I am researching on twitter data mining project and come across the OmniSci TweetMap demo @ https://www.omnisci.com/demos/tweetmap . Such a fantastic platform and I am planning to do a similar project using OmniSci Free.
May I know if the twitter data is obtained from the official Twitter API ? According to some source, the amount of Twitter users sharing geo location data is low. How can you obtain the geo location for so many tweets ?
I asked internally and as I imagined we didn’t use anything other than the official Twitter API, filtering for the one that has some kind of geo-coordinates associated with it wherever the precision is.
So we are displaying only 600m of tweets for nearly 7 months, while we collect them for years for oblivious reasons.
We are thrilled to see your dashboard using Twitter data; as you probably know this is one of the first demos released to show the capacity of the database coupled with a backend rendering so, it has a special place in our hearts.
If we can do something to accelerate your project you have just to ask for.
Candido and the rest of omnisci/mapd team
I started to work on designing the data model and parse the datasets. I am inspired by an interesting project called “We feel fine” some years ago.
For the backend I think I will create a VM in GCP with GPU and install OmniSci Free.
Do you know the most convenient way for the installation ? How can I prototype with a minimum cost (minimum CPU RAM/GPU RAM) for e.g. 10 million data
For the frontend , I plan to code the data visualisation part using Three.js , but I guess the dashboards and charts in OmniSci Free are good already for some initial data explorations.
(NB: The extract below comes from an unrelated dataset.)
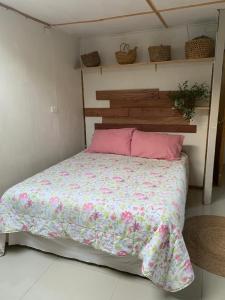 a bedroom with a bed with a pink comforter at Cabaña entre parras in Curacaví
I took a look at “We feel fine” (good for them ;), and I guess that your project will use something more complex to analyze the text (just tweets?).
If you are un GPU, you have lots of power to process messages and get what’s the feeling of the writer, without looking for a punctual string.
Said that to do some prototyping with just 10 Million of records, you can get an idea by looking at this page on our docs, and if you want to be more precise, you have to know how many columns you are using and how much is the memory needed by each column.
So, for example, if you are going to use 4 dictionaries encoded strings of 32bits, 2 DES of 16 buts, 1 point compressed (64 bits), and 2 smallint, the math is fairly simple; add all sizes, then multiply for the number of records you want to process.
In this example, the number of bytes is 44 (DCE 32bits) + 22 (DCE 16bits) + 18 (POINT) + 22 (SMALLINTS), so 32 bytes; multiplied for 10 million is just 320 Megabytes, for 100 million 3,2 Gigabytes and so on.
A community user shared a sheet to calculate the memory needed to store the data
Add on that some buffers needed for Joins and/or Group By and the space needed for the rendering (assuming you are using the back-end render of the maps), so every nVidia cards release in the latest years is going to fit and it’s able to process such low number of records.
To develop the prototype, you can use something like our recommended AWS configuration. Hence, a machine with 4/8 CPU and 64GB of ram and an Nvidia Tesla T4 has 16GB of ram and 2560 Cuda Cores (it also has some Tensor cores if you need to use it a previously trained model).
The GPU Itself costs just 0.36 USD/hour. and a c2-8 would cost under 0.4 USD per hour and it would pack more than enough memory and compute power needed for less than a total of 1 USD.
It would be nice to see your implementation of Three.js with ut database, but remember that moving a lot of data from server to client is going to limit the performance of your application (and that’s the reason because we develop also a back-end rendering engine).